Top of Data shown

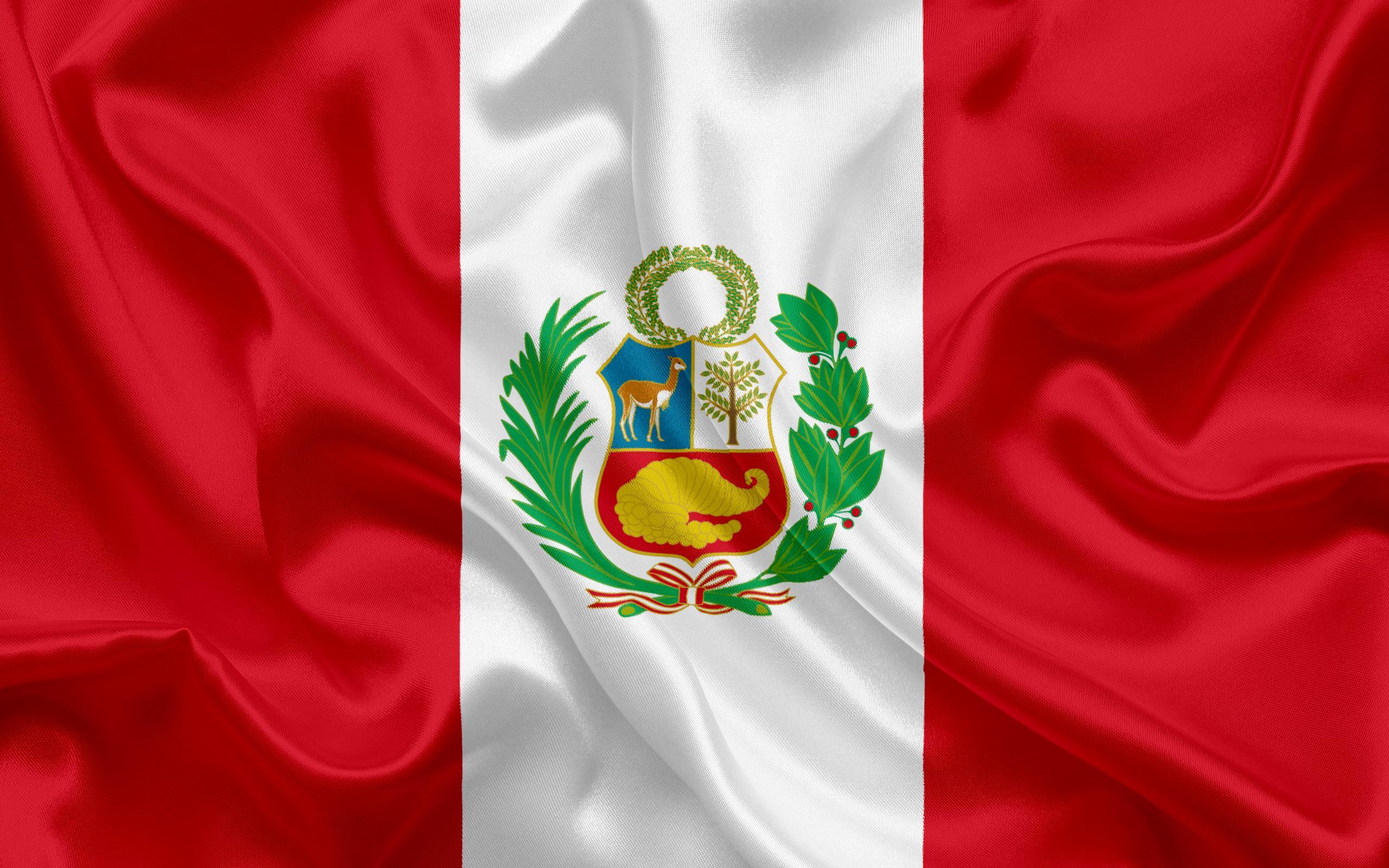 Download wallpaper Peruvian flag, national flag, Peru, silk texture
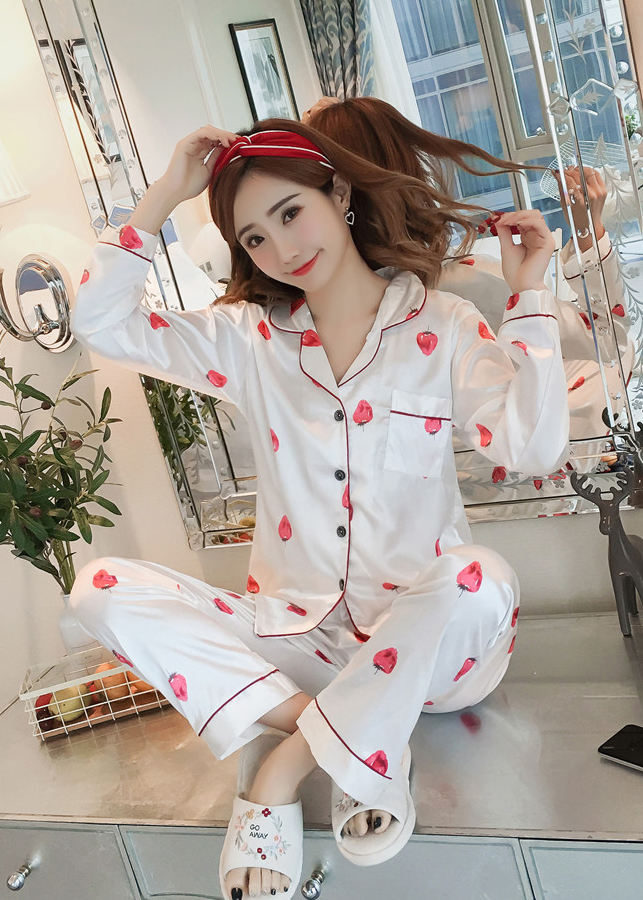 Bộ đồ mặc nhà nữ phi lụa hoạ tiết trái dâu cực xinh CDANP13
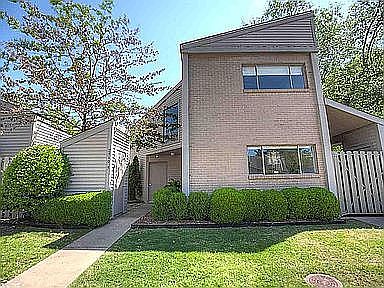 1st image of 2510 Riverfront Dr APT 5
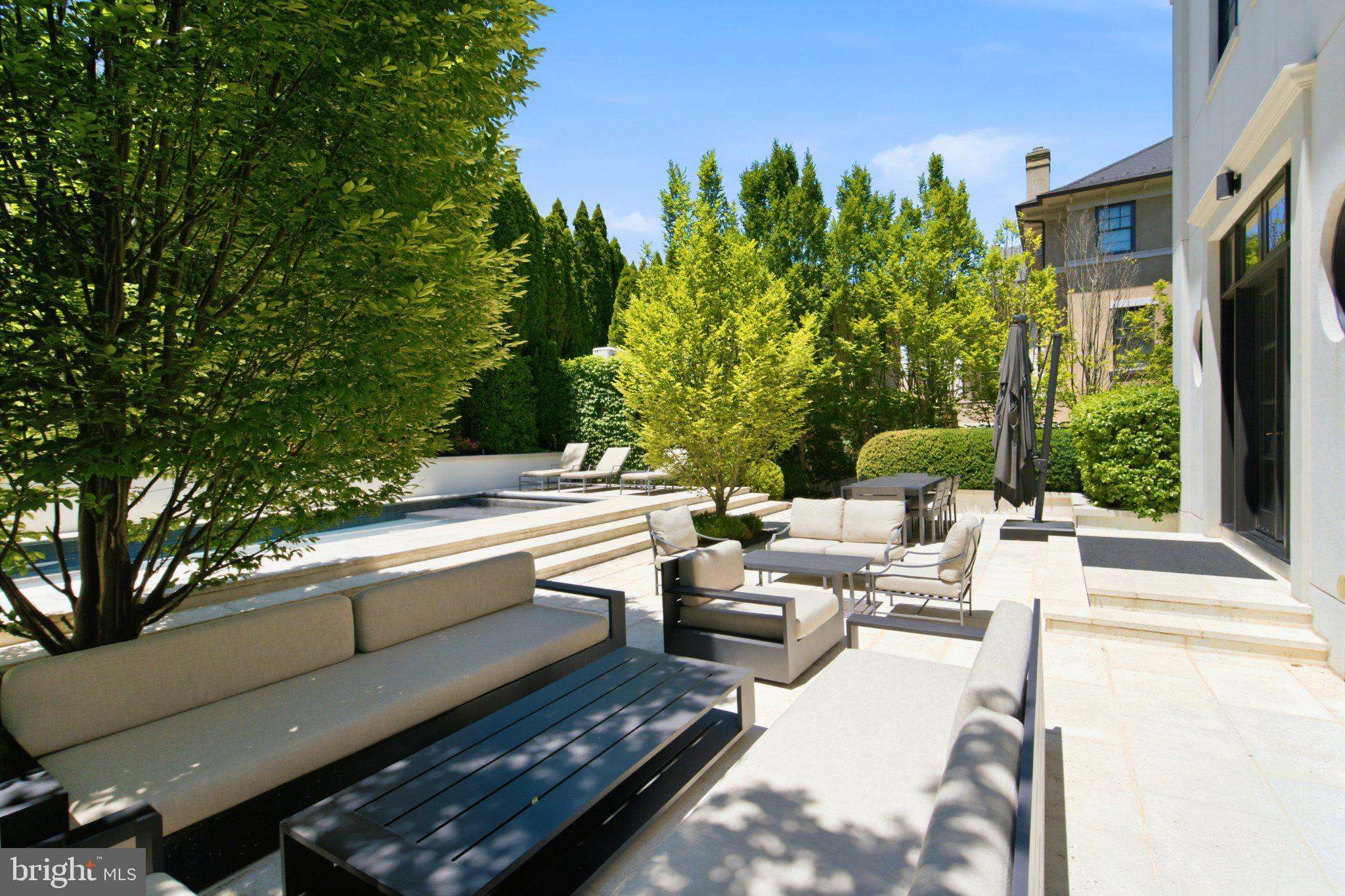 PHILLIPS PARK - Residential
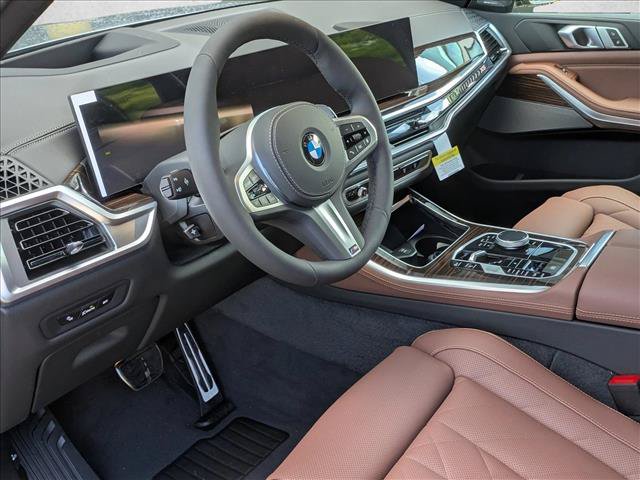 New 2026 BMW X5 xDrive40i w/ M Sport Package AWD/4WD image 3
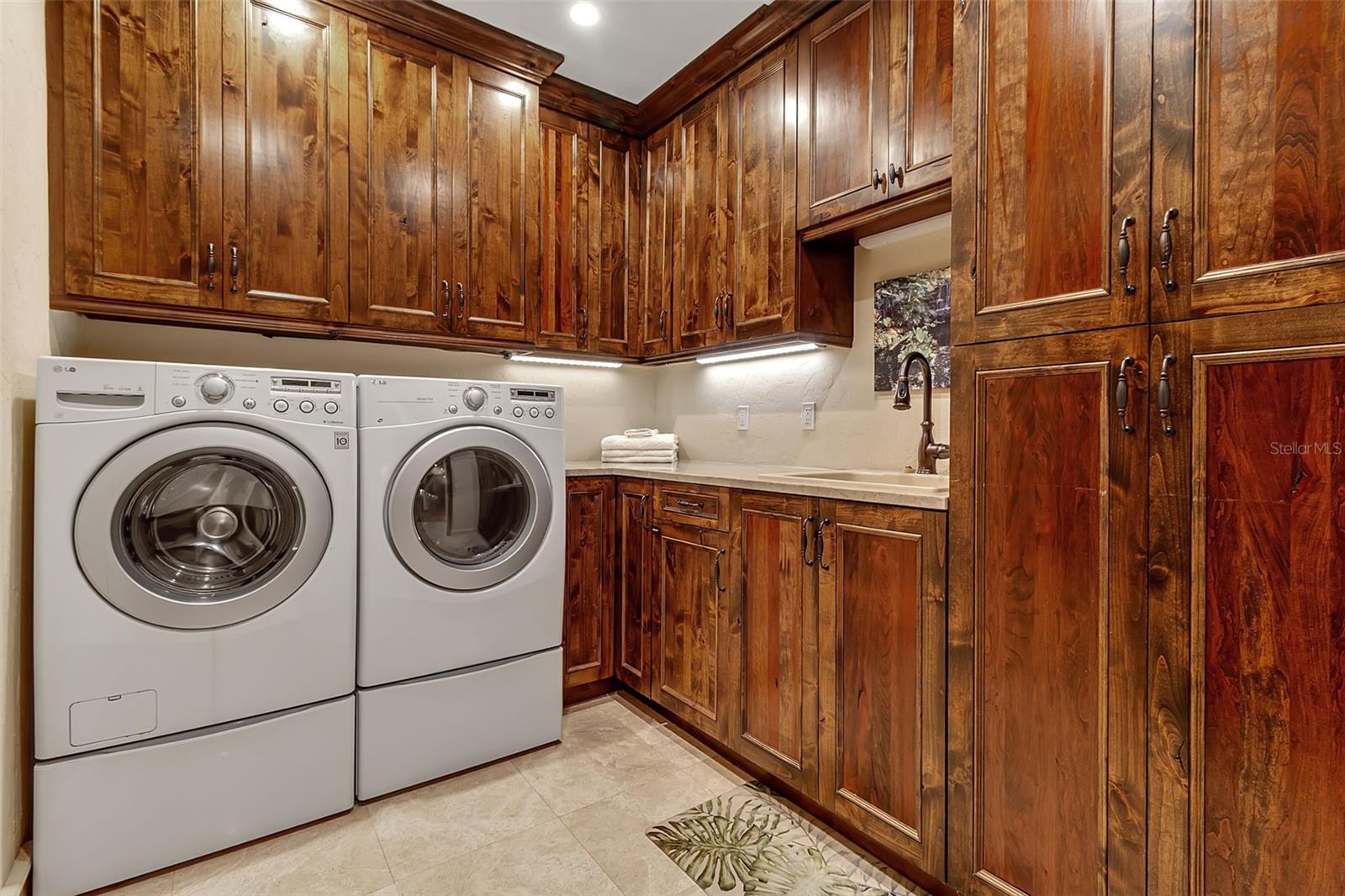 A4666354 Property Photo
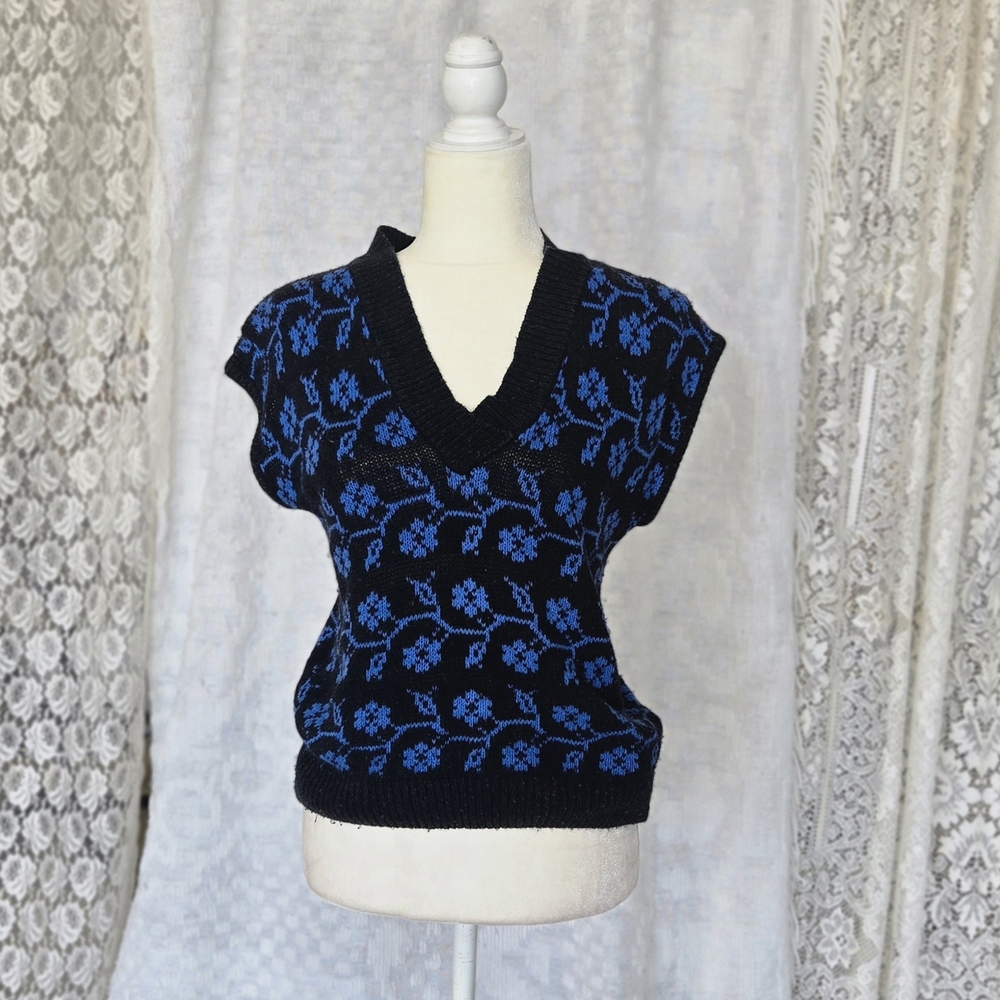 Vintage Floral Knit V-Neck Sweater Vest- Black and Blue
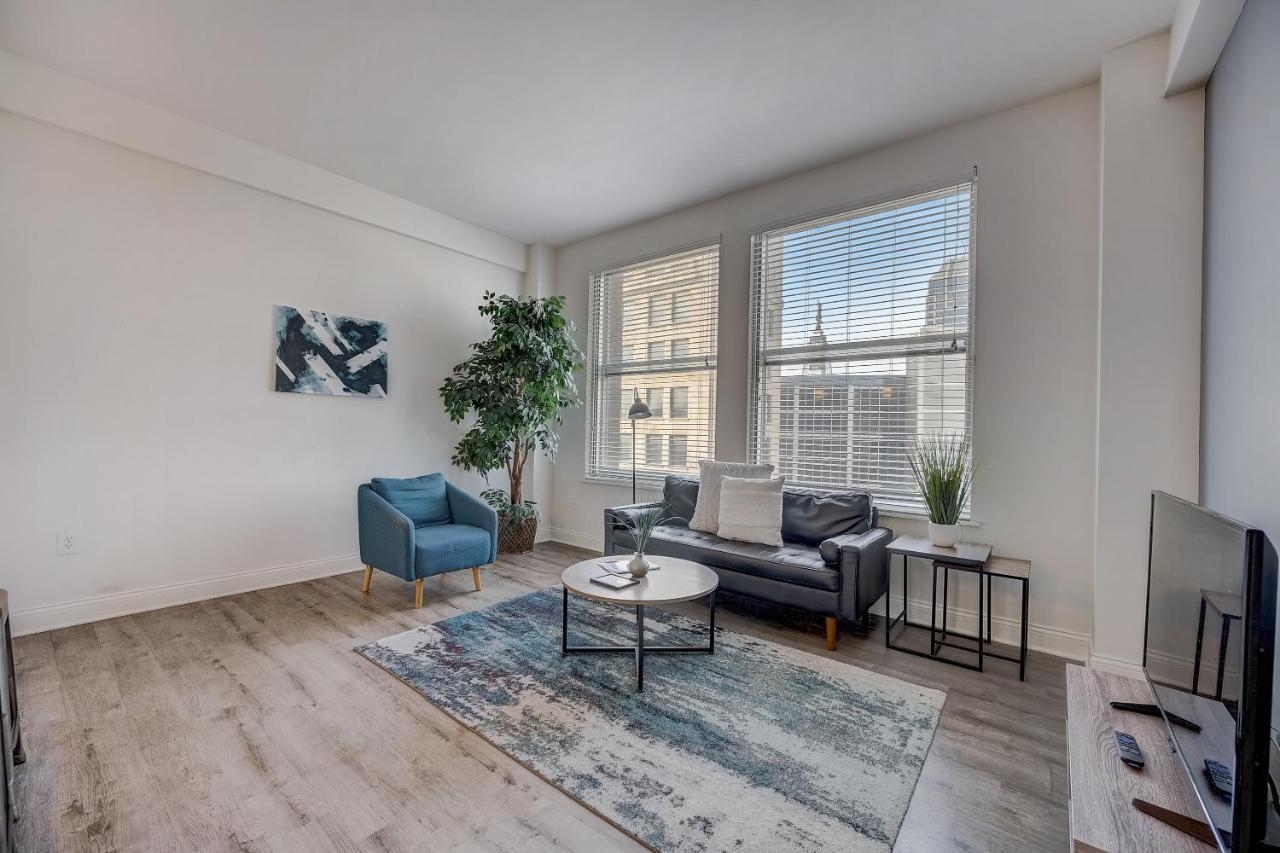Frontdesk Penn Street Tower Apts Downtown Indy Apartment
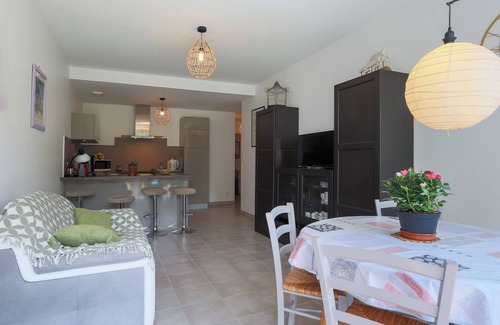 Etables-sur-Mer Apartment | Apartment 'Appartement Accès Privé Plage' with Private Terrace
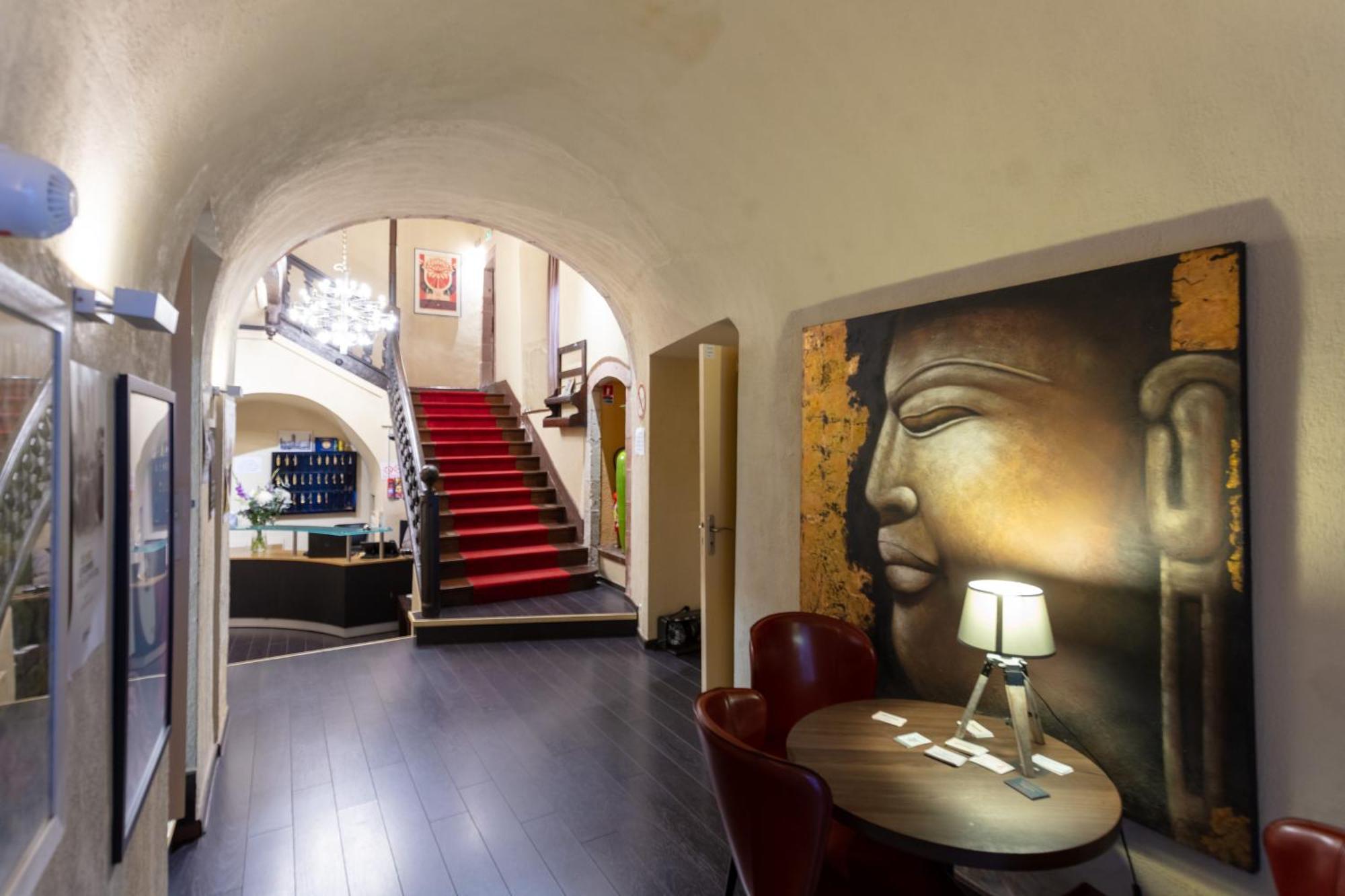 Du Clocher Hotel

Bottom of Data shown

All that is wanted is an exact copy of the lines from the line bearing "New 2026 BMW" through the final line of the entries, including both ends but no pictures.

Answer space:
 New 2026 BMW X5 xDrive40i w/ M Sport Package AWD/4WD image 3
 A4666354 Property Photo
 Vintage Floral Knit V-Neck Sweater Vest- Black and Blue
Frontdesk Penn Street Tower Apts Downtown Indy Apartment
 Etables-sur-Mer Apartment | Apartment 'Appartement Accès Privé Plage' with Private Terrace
 Du Clocher Hotel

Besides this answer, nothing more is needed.